A disputa em torno da mensalidade das escolas particulares em tempo de isolamento social está mais aquecida do que nunca. O Procon-SP diz que recebeu mais de 5.000 reclamações de pais de alunos relatando que não conseguem negociar o pagamento da mensalidade com as escolas. O Sieeesp (sindicato das escolas particulares de São Paulo) afirmou que os colégios não são obrigados a dar desconto.
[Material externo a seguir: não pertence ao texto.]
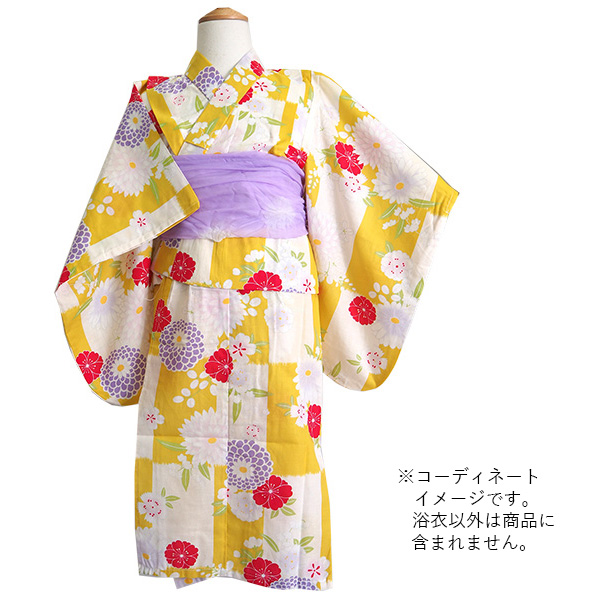 子ども 浴衣 単品 女の子 100cm からし色 白 市松格子 菊 桜 撫子 3歳 4歳 キッズ 女児 子供 夏 夏休み 綿 レトロ 古典 ゆかた ジュニア ガールズ | ブランド登録なし | 04
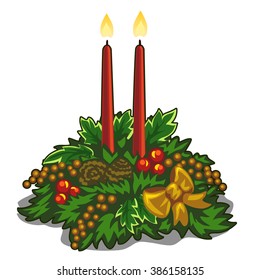 Two red Christmas candles. Vector illustration.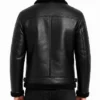 Men Winter Fur Collar Black Leather Jacket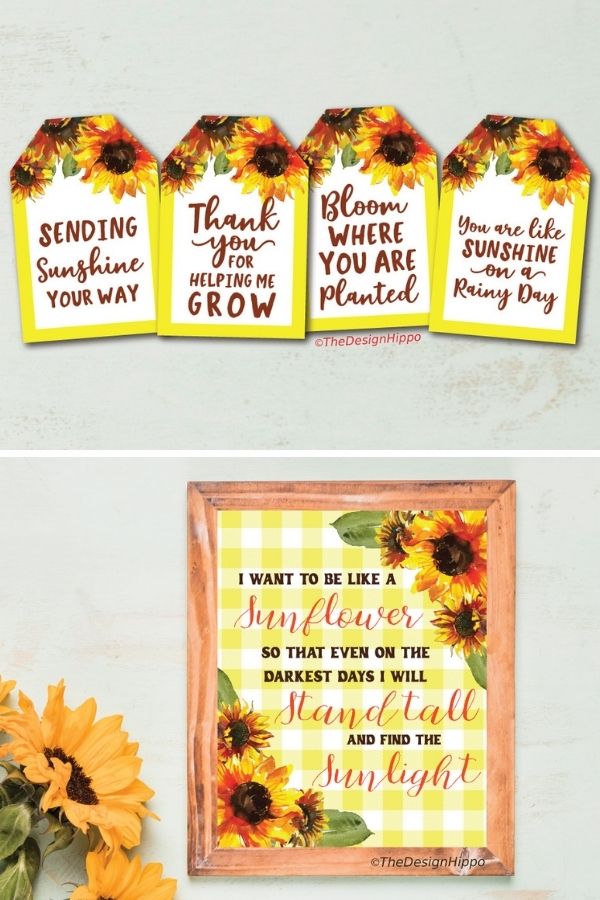 Free Sunflower Watercolor Printables - Wall Art &amp; Gift Tags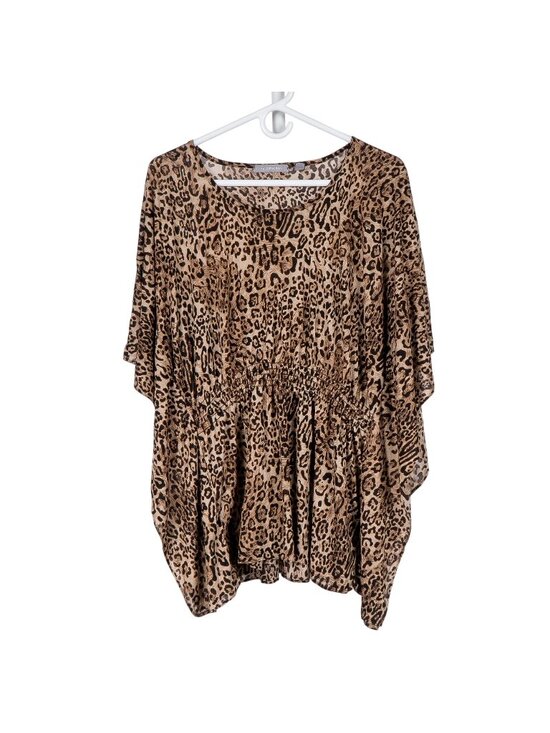 NY Collection Tops - Leopard Print Oversize Blouse Shirt S Women Brown Flutter Sleeve Smocking Stitch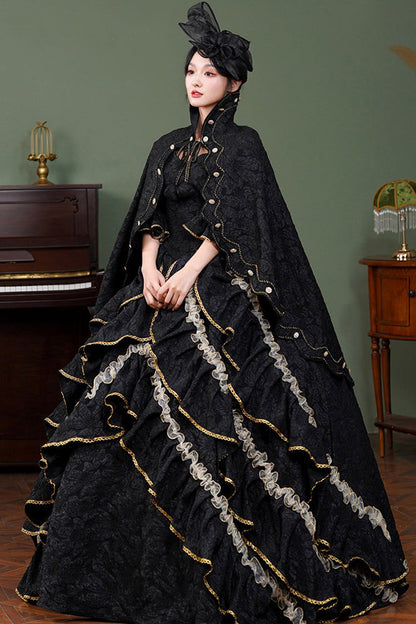 Black Square Collar Half Trumpet Sleeves Ruffled Open-Front Lace Gothic Vintage Palace Lolita Victorian Dress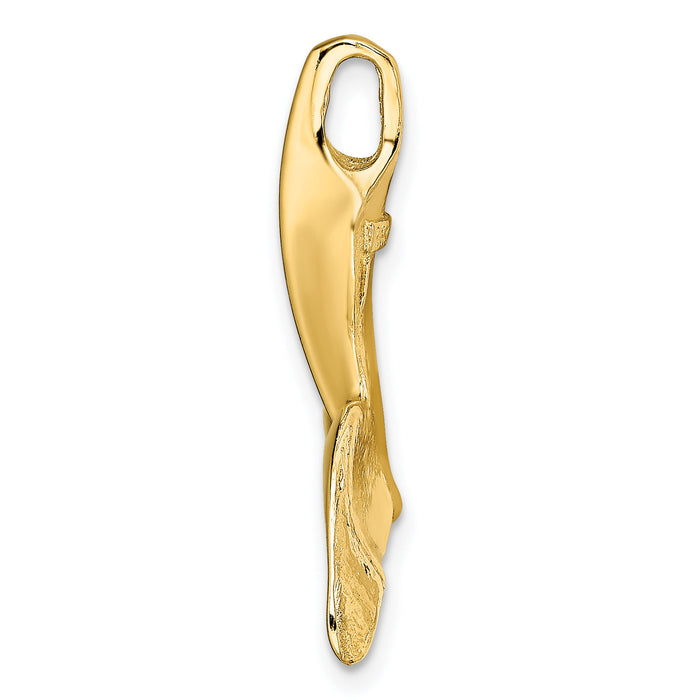 14K 3-D Polished Whale Tail Chain Slide-K7676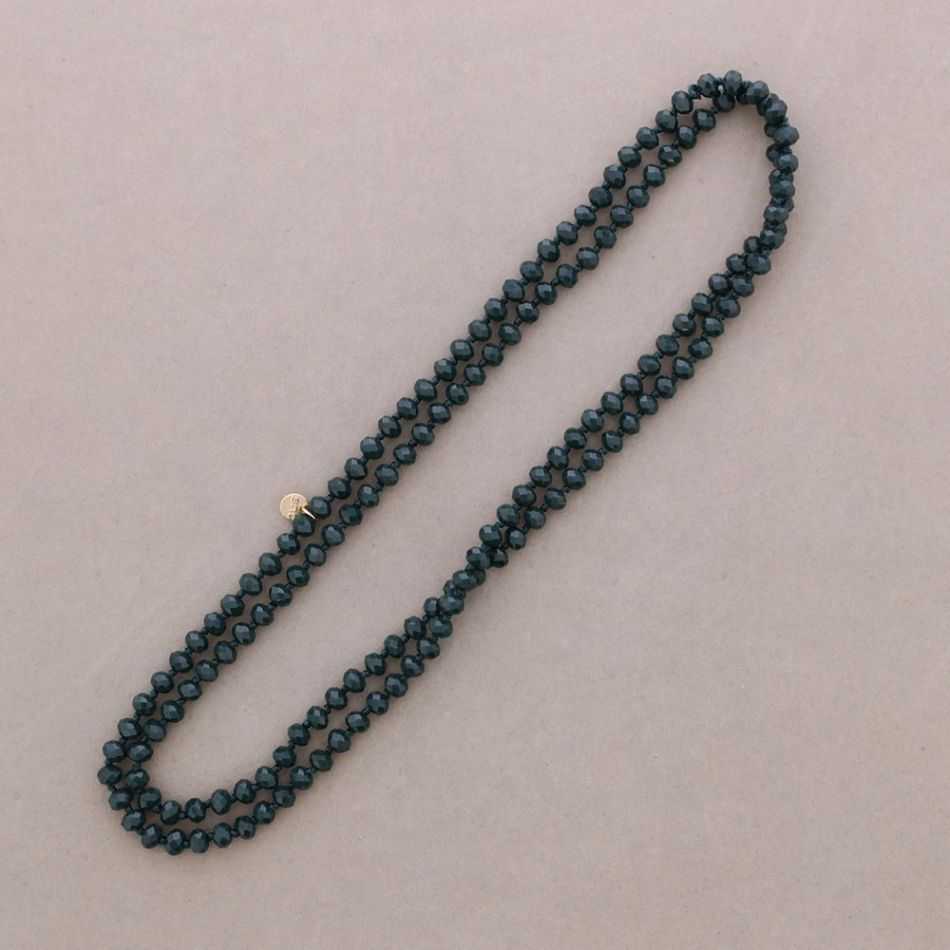 LONG NECKLACE WITH FACETED CRYSTAL BALL KNOTS 1.2M*8MM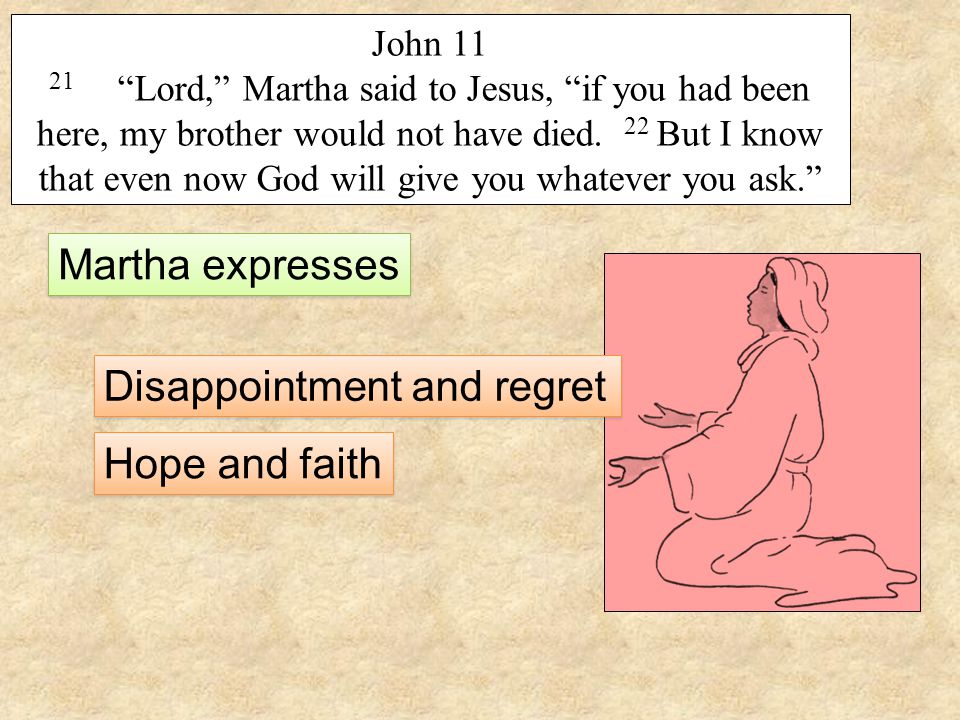 John Lord, Martha said to Jesus, if you had been here, my brother would not have died.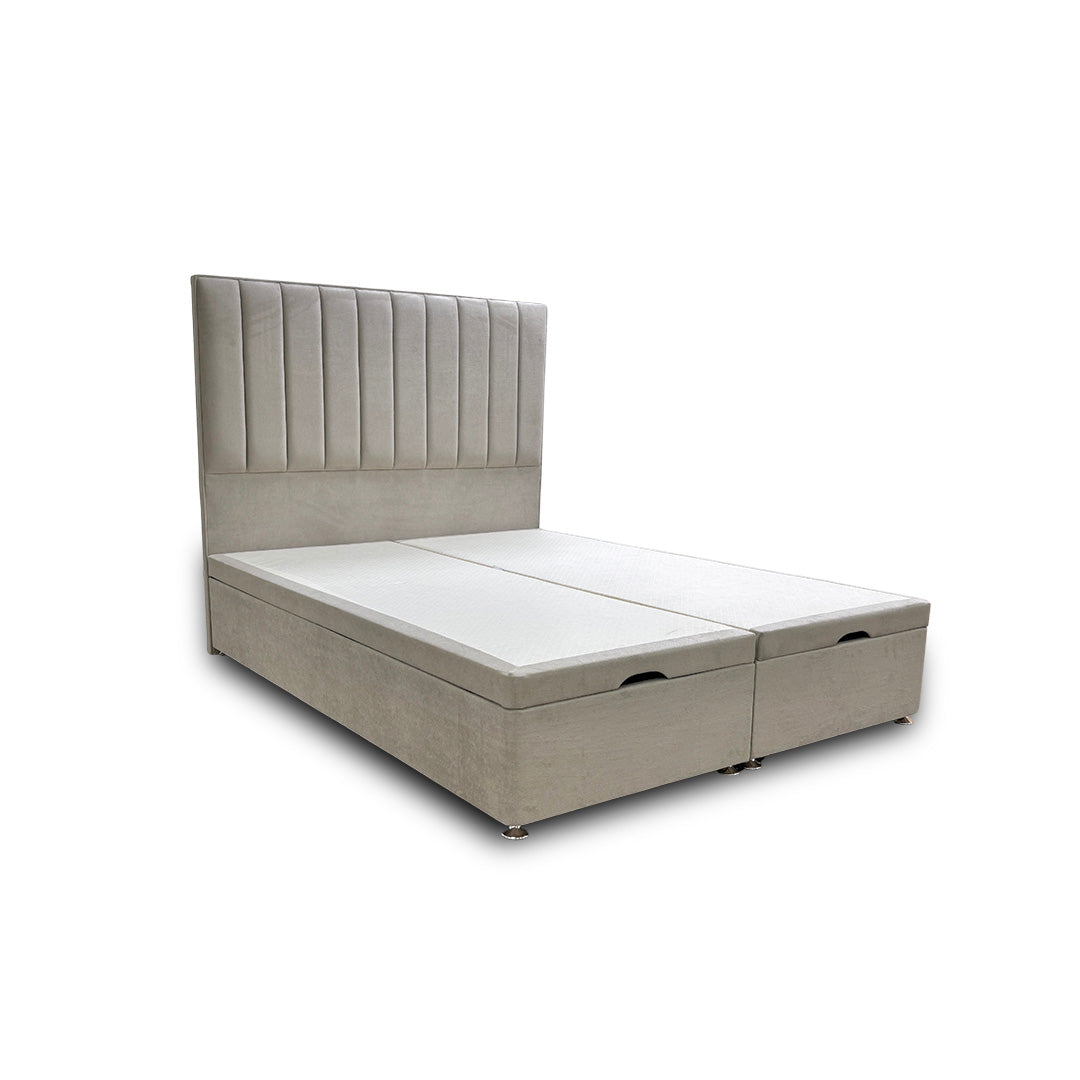‘Pluto’ Milan Stone Floor Standing Headboard + Double Ottoman End Lift Base - King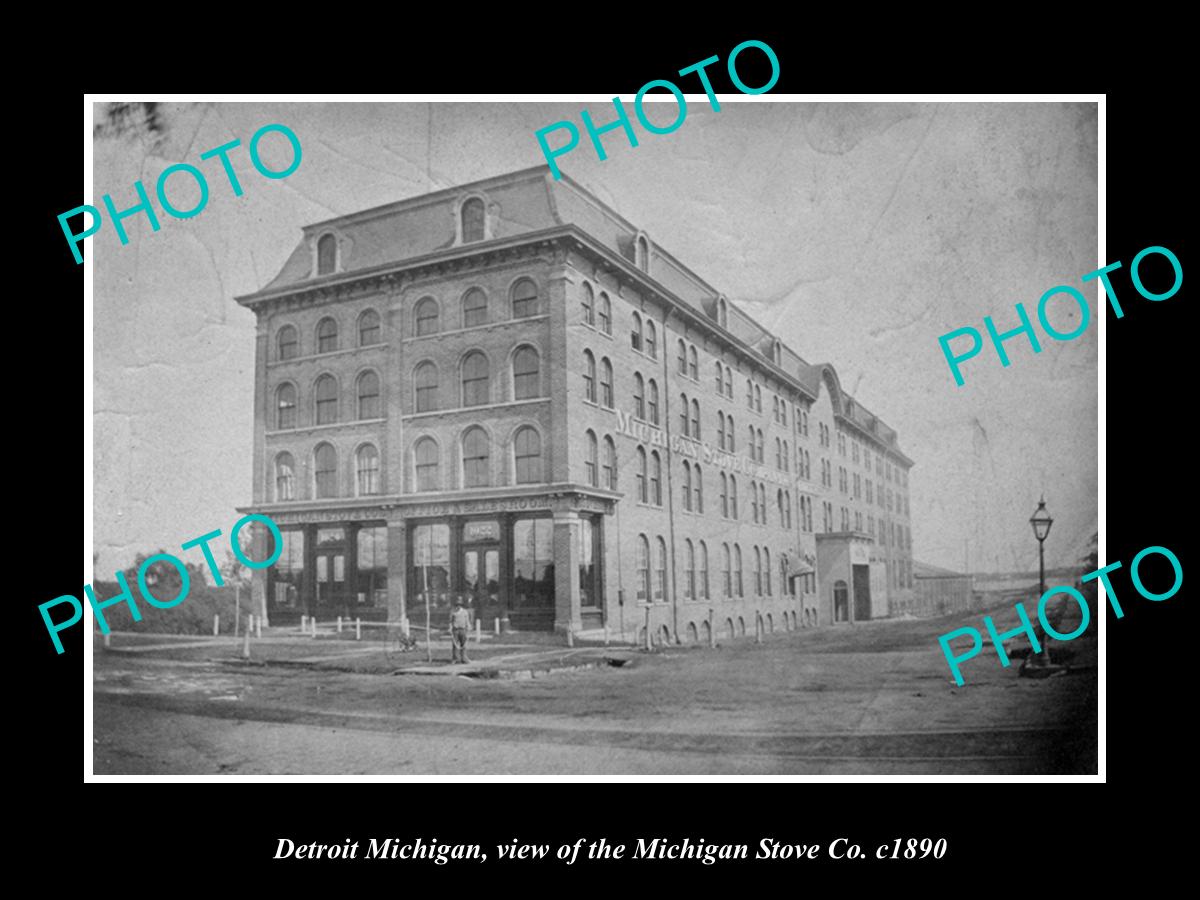 OLD LARGE HISTORIC PHOTO OF DETROIT MICHIGAN, THE MICHIGAN STOVE Co c1890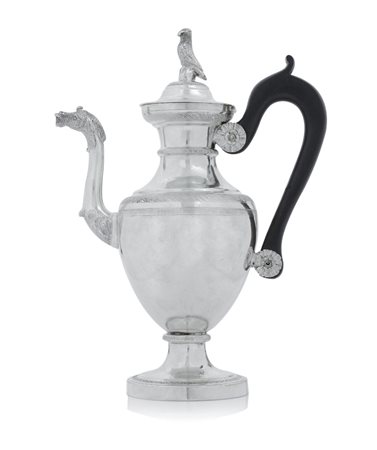 ARGENTI D'EPOCA CAFFETTIERA IN ARGENTO, NAPOLI, 1830 CA, ARGENTIERE G.SISINO,...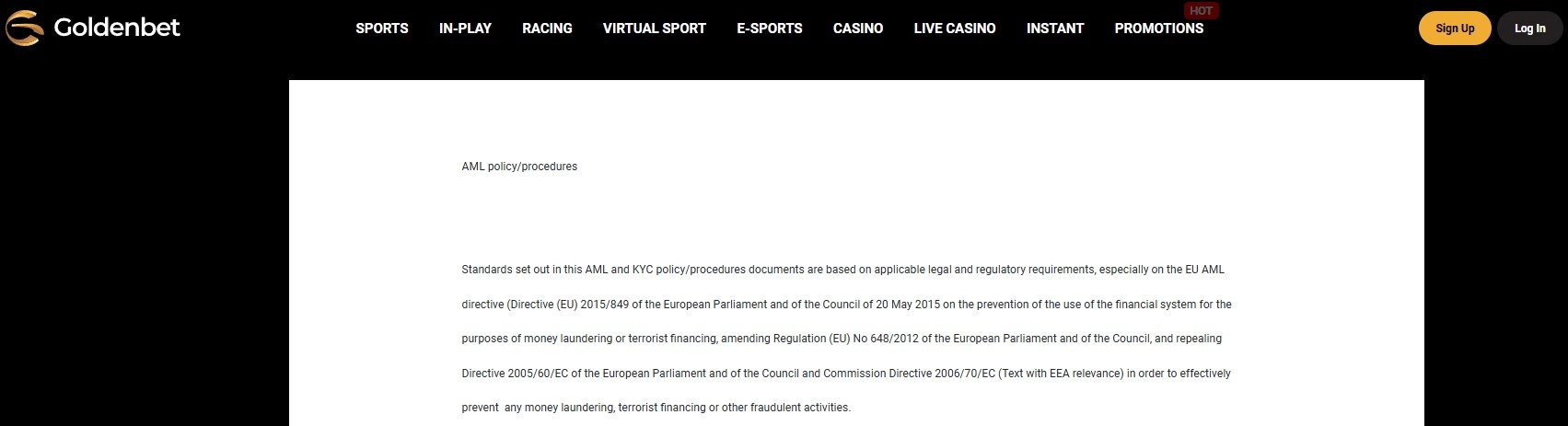 Goldenbet AML KYC or account verification page with no personal data visible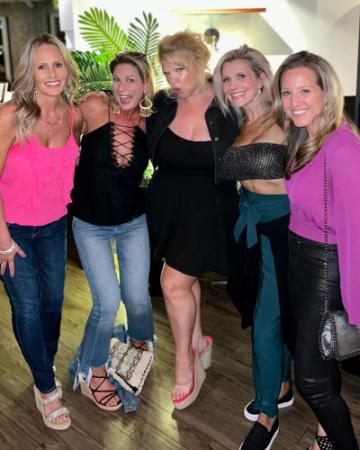 5 ladies at TK's comedy in pink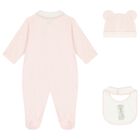 Baby Girls Pink Logo Babygrow Gift Set, 1, hi-res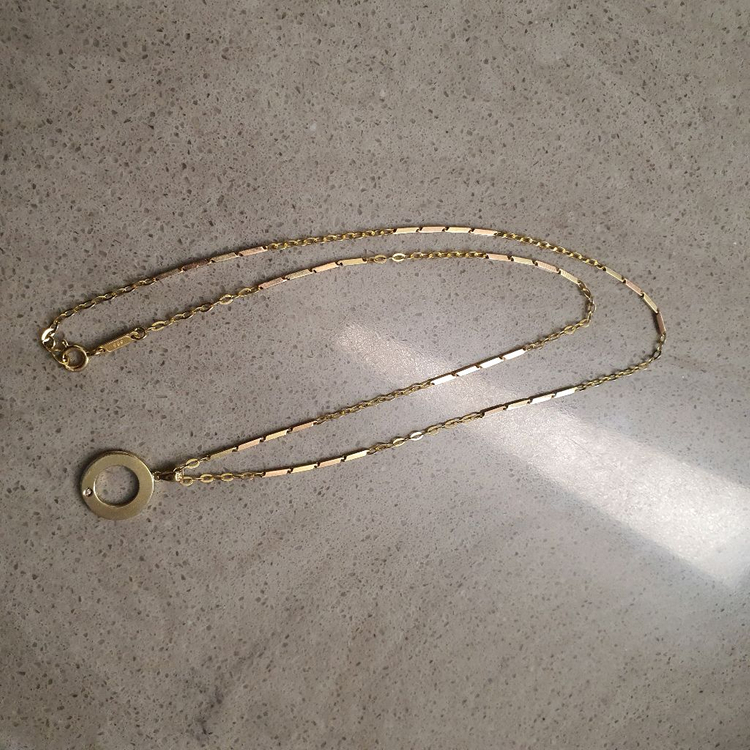 미니골드 14k 콤비 체인 목걸이 & 루비아 커플 팬던트--4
Mas o Procon diz que as instituições não podem se recusar a conversar com os consumidores.

“O Procon está atento e vai estimular a negociação direta entre as partes, mas se não der o resultado esperado, vai intervir e instaurar procedimento administrativo que poderá resultar em multa”, afirma o secretário de defesa do consumidor, Fernando Capez.

Qual o contexto dessa discussão? As escolas particulares estão sem aulas presenciais desde meados de março. Uma grande parte deu férias logo de cara e agora, em maio, quase todas estão dando aulas online, mas com uma carga horária inferior à dada antes da pandemia. Os pais alegam que tiveram perda de renda e que a escola teve redução de custo com luz e água, por isso pedem descontos na mensalidade.

O que as escolas particulares têm feito? Em São Paulo, a maioria das escolas tirou da mensalidade a cobrança de cursos extras e do horário integral. Algumas concederam descontos, mas em percentuais inferiores ao solicitado pelos pais.

O que o Procon diz que as escolas devem fazer? Diz que as escolas devem negociar alternativas para o pagamento da mensalidade, como maior número de parcelas ou desconto. Veja outras determinações:

  • Devem atender ao consumidor no prazo máximo de uma semana;
  • A recusa no atendimento caracterizará prática abusiva;
  • Não podem exigir documentos cobertos pelo sigilo fiscal e bancário, como extrato do IR.

Qual o objetivo da negociação? Segundo o Procon, a busca pela negociação é uma tentativa de evitar que as famílias fiquem inadimplentes ou endividadas.